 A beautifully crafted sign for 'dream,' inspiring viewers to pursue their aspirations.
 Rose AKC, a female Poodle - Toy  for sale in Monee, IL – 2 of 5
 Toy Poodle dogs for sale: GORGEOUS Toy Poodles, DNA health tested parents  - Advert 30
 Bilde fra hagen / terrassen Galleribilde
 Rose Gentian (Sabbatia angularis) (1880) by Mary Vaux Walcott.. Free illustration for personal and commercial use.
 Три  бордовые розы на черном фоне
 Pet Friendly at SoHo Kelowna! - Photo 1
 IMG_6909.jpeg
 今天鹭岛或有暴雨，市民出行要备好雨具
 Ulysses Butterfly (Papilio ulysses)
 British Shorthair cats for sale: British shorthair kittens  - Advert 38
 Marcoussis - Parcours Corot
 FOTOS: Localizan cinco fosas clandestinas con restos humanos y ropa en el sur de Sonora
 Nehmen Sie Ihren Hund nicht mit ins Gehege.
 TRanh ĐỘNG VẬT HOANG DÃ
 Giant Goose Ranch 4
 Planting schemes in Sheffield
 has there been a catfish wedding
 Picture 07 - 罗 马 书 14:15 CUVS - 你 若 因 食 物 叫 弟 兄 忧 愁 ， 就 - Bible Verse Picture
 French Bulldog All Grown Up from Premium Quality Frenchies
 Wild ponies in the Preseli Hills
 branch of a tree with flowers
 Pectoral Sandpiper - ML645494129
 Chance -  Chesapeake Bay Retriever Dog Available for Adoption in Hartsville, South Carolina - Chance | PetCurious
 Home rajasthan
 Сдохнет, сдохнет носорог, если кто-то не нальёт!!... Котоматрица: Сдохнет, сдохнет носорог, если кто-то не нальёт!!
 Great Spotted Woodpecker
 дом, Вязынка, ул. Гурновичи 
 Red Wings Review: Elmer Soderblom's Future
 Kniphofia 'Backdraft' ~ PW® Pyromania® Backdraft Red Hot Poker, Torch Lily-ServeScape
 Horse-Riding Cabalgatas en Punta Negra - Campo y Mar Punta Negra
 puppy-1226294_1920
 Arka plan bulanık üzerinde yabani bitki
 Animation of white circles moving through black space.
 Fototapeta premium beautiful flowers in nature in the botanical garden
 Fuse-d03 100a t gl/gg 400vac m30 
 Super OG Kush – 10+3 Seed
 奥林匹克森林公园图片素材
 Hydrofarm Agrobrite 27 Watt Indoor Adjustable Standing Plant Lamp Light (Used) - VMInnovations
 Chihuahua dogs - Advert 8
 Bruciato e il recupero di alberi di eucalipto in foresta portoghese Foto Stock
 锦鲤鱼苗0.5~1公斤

*****

▸ REQUIRED ACTION:
Give the number of lines above containing the word "sale", with no other text.

▸ SOLUTION BELOW:
3